The Meaning of Life turned out to be the band’s last joint work. Although comedians met informally on some projects after 1983, rumors of a Python reboot never materialized. After Graham Chapman’s death in 1989, all speculations ceased. However, the activities of “slow-witted” satirists left a huge legacy. It took root directly in the mentality of the British to such an extent that they began to speak Monty Python. An example of a visible cultural influence is a word taken directly from the group’s sketches, pythonesque. This is an expression that has entered the English lexicon and means something that is closest to the Pythons: a surreal, absurd performance with elements of nonsense.

The triumph of the absurd

Six British eccentrics changed the face of television and shaped the sense of humor of entire generations. This inconspicuous group of comedians became much more than the heroes of comedy sketches. 40 years ago, when it was thought that everything that was to be made was already made, and everything that was to be invented was already invented, a group of comedians created a style and a world-famous brand, previously unheard of and impossible to improve. And their secret was simplicity and, one might think, primitiveness that aroused great emotions. Stupidity and carelessness, however, enveloped the inner intellectual approach to satire. The specific, rich style was loved by some, hated by others or not understood. But everyone has heard of them. For years, the Pythons have merrily reigned in the stronghold of comedy in the hills of the absurd. If they are ever dethroned by anyone, I see it as nothing but the first sign of the approaching end of the world. The strained world can’t take any more nonsense.

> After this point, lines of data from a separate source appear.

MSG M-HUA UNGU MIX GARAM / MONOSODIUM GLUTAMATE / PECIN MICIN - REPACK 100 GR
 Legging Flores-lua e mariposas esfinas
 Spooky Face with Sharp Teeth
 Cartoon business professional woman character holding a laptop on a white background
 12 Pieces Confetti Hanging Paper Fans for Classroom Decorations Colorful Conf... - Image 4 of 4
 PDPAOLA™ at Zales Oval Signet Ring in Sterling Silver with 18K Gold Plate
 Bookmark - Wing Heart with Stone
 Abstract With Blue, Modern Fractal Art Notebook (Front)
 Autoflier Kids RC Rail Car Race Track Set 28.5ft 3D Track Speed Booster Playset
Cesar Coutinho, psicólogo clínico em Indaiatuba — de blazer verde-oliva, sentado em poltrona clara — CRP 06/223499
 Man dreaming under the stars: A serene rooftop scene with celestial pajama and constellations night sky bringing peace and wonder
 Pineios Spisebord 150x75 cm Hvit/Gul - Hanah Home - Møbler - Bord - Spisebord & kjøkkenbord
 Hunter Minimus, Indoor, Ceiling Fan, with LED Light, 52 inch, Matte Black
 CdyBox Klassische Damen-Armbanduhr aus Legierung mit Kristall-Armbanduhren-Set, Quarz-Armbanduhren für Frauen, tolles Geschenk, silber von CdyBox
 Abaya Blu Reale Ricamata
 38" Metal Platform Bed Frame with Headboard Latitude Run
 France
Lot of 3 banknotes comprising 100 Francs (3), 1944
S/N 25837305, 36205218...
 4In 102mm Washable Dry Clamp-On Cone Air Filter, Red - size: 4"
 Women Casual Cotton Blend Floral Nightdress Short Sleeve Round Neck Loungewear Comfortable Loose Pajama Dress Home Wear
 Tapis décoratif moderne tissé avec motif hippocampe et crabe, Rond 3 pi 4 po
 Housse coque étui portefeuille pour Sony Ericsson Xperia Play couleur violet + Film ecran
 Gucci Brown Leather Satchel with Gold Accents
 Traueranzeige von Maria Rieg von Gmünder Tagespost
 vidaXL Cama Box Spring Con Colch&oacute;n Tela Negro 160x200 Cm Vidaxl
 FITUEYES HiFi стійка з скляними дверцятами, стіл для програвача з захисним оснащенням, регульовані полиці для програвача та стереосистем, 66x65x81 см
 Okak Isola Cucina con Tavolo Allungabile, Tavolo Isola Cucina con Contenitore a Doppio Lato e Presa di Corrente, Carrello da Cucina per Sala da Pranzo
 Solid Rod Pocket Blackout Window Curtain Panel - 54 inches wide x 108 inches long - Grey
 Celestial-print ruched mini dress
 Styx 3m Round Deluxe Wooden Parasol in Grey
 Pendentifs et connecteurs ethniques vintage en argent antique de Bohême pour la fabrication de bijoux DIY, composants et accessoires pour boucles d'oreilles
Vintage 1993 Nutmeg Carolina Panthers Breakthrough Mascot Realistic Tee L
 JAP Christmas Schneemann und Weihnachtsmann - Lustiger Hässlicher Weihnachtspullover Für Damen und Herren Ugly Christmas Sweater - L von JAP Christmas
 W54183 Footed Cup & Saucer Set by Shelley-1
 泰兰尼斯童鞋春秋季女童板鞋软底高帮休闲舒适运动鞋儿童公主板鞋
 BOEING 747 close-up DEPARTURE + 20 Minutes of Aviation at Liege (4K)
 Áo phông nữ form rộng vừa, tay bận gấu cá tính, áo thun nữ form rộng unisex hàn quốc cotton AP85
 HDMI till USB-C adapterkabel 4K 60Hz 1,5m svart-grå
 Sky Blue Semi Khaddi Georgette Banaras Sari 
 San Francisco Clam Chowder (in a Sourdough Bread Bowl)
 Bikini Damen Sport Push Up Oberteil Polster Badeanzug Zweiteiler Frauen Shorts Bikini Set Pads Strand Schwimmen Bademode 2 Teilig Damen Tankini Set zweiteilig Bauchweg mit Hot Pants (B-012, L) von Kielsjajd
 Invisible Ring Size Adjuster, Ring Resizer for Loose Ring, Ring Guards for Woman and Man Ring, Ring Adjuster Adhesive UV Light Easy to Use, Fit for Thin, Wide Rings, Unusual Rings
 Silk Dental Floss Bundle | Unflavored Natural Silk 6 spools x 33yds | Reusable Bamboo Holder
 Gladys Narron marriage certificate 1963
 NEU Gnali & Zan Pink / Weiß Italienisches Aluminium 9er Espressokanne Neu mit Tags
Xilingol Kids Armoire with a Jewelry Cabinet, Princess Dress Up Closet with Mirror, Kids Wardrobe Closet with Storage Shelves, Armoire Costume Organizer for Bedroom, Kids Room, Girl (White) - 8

P.S. I am glad, reader, that you have gone through all the thick lines of text. As a reward, I will give you the confirmed information that Monty Python will return with a ranking of the best sketches. But keep it a secret, it’s supposed to be unexpected like the Spanish Inquisition.

Maja Budka

Maja Budka

I write about film and art with a cat on the keyboard. I like animation and films lined with gentle absurdity.